● TRY IT:
Among the lines of the listing below, retype exactly those from the one containing "What does it" through the one containing "portada u.s. policy", both included. Do not include pictures.

● RECORDS SUPPLIED:
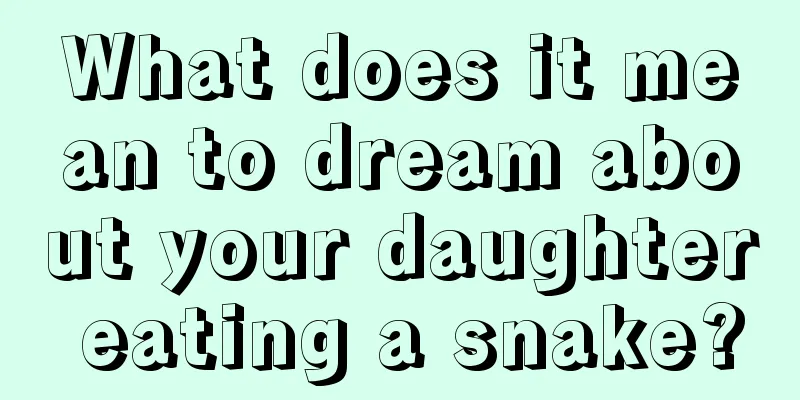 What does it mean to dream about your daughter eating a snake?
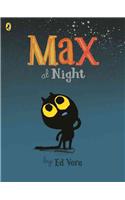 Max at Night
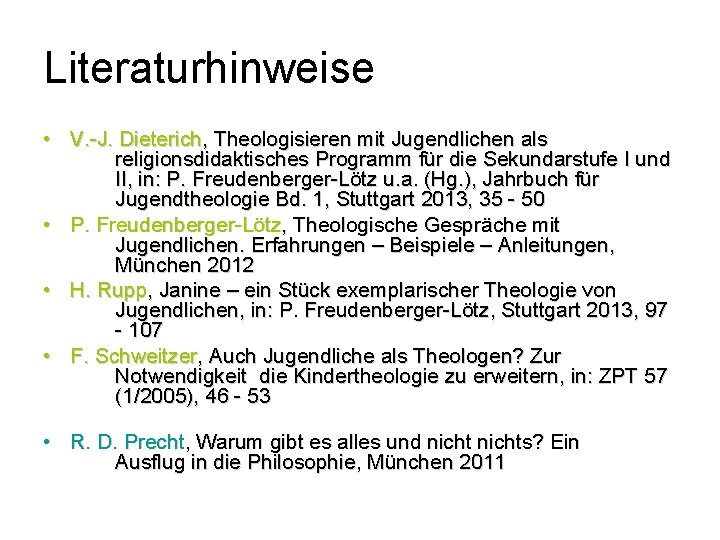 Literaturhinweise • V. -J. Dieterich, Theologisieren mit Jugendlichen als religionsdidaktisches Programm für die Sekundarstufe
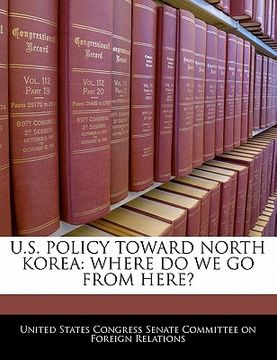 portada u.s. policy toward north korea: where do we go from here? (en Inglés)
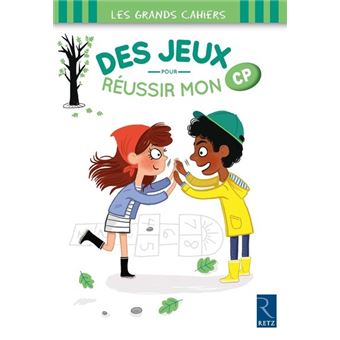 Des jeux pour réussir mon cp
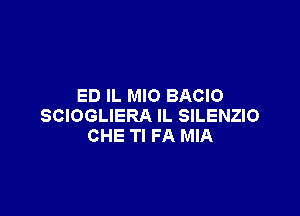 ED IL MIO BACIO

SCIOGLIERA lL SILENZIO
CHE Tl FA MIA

==

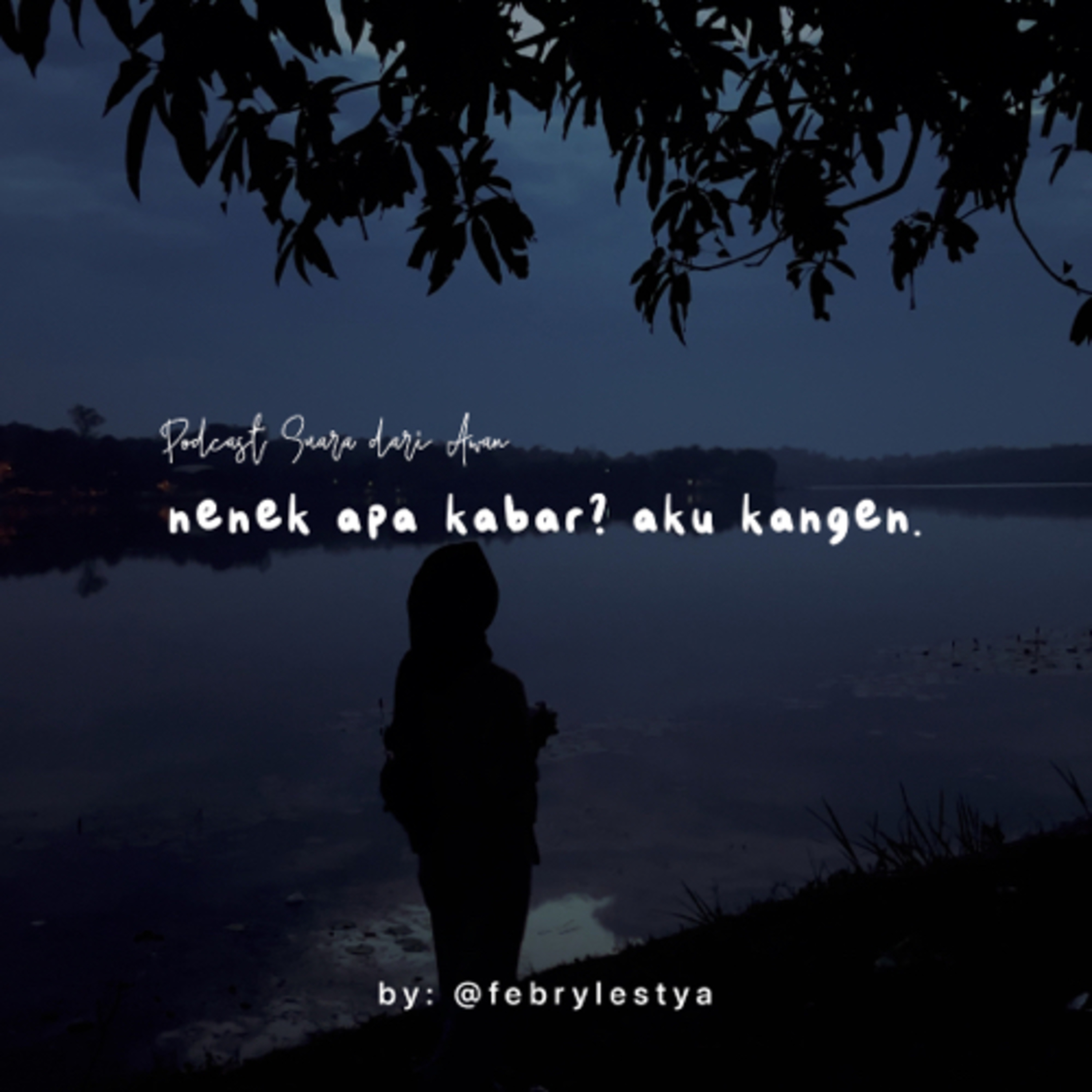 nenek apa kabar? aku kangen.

● SOLUTION TO THIS TASK:
 What does it mean to dream about your daughter eating a snake?
 Max at Night
 Literaturhinweise • V. -J. Dieterich, Theologisieren mit Jugendlichen als religionsdidaktisches Programm für die Sekundarstufe
 portada u.s. policy toward north korea: where do we go from here? (en Inglés)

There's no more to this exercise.